WORK TASK:
Print, exactly as they appear in the listing below, the lines from the line with "Plates | ThriftyFun" to the line with "Mavis Road Animal", with both end lines kept.

SUPPLIED RECORDS:
▼

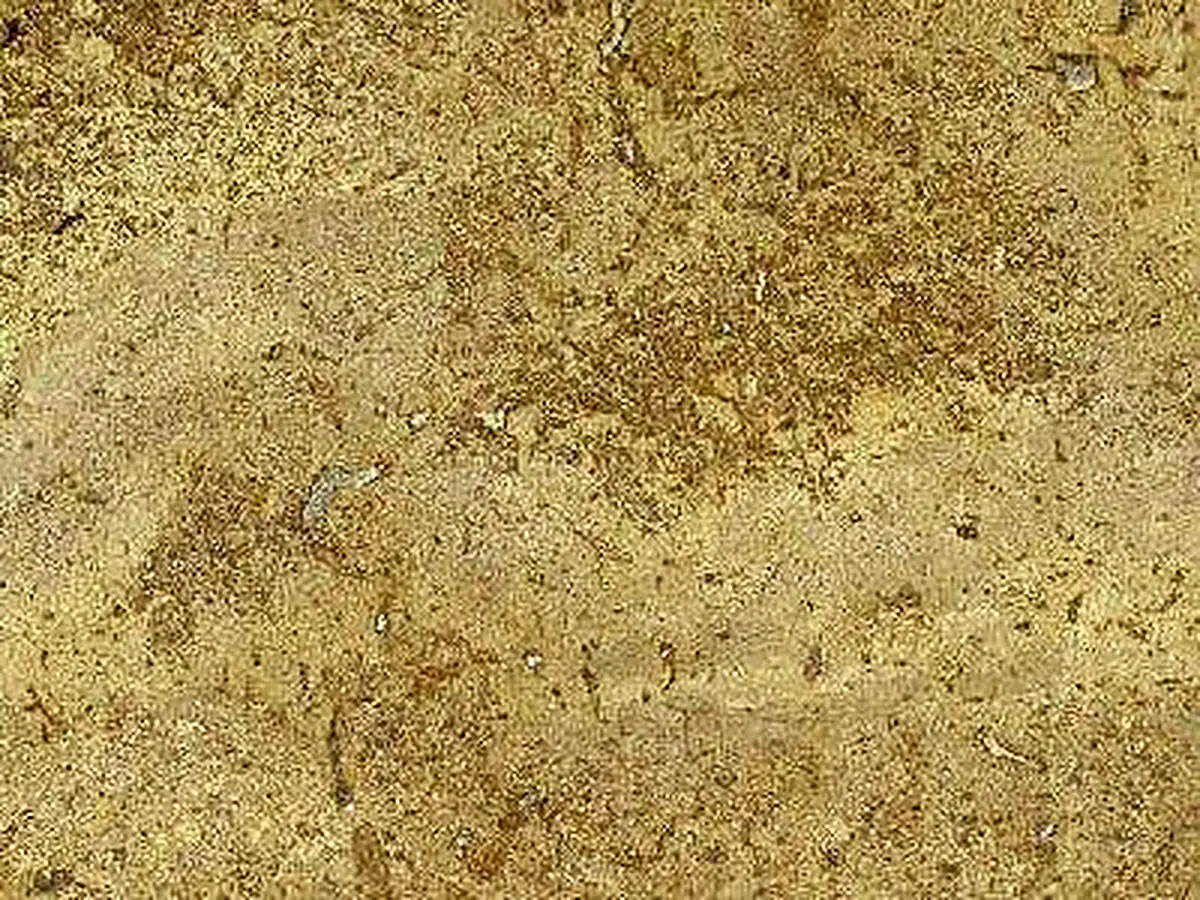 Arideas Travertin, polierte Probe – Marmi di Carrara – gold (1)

▲
▼

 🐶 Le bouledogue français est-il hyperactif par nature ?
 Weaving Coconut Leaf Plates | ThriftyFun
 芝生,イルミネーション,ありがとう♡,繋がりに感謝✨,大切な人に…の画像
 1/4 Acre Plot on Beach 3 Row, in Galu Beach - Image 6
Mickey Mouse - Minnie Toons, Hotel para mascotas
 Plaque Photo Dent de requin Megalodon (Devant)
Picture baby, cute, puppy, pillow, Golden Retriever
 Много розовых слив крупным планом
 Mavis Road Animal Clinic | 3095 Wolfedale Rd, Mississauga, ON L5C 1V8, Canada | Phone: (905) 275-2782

▲

PROBLEM SOLUTION:
 Weaving Coconut Leaf Plates | ThriftyFun
 芝生,イルミネーション,ありがとう♡,繋がりに感謝✨,大切な人に…の画像
 1/4 Acre Plot on Beach 3 Row, in Galu Beach - Image 6
Mickey Mouse - Minnie Toons, Hotel para mascotas
 Plaque Photo Dent de requin Megalodon (Devant)
Picture baby, cute, puppy, pillow, Golden Retriever
 Много розовых слив крупным планом
 Mavis Road Animal Clinic | 3095 Wolfedale Rd, Mississauga, ON L5C 1V8, Canada | Phone: (905) 275-2782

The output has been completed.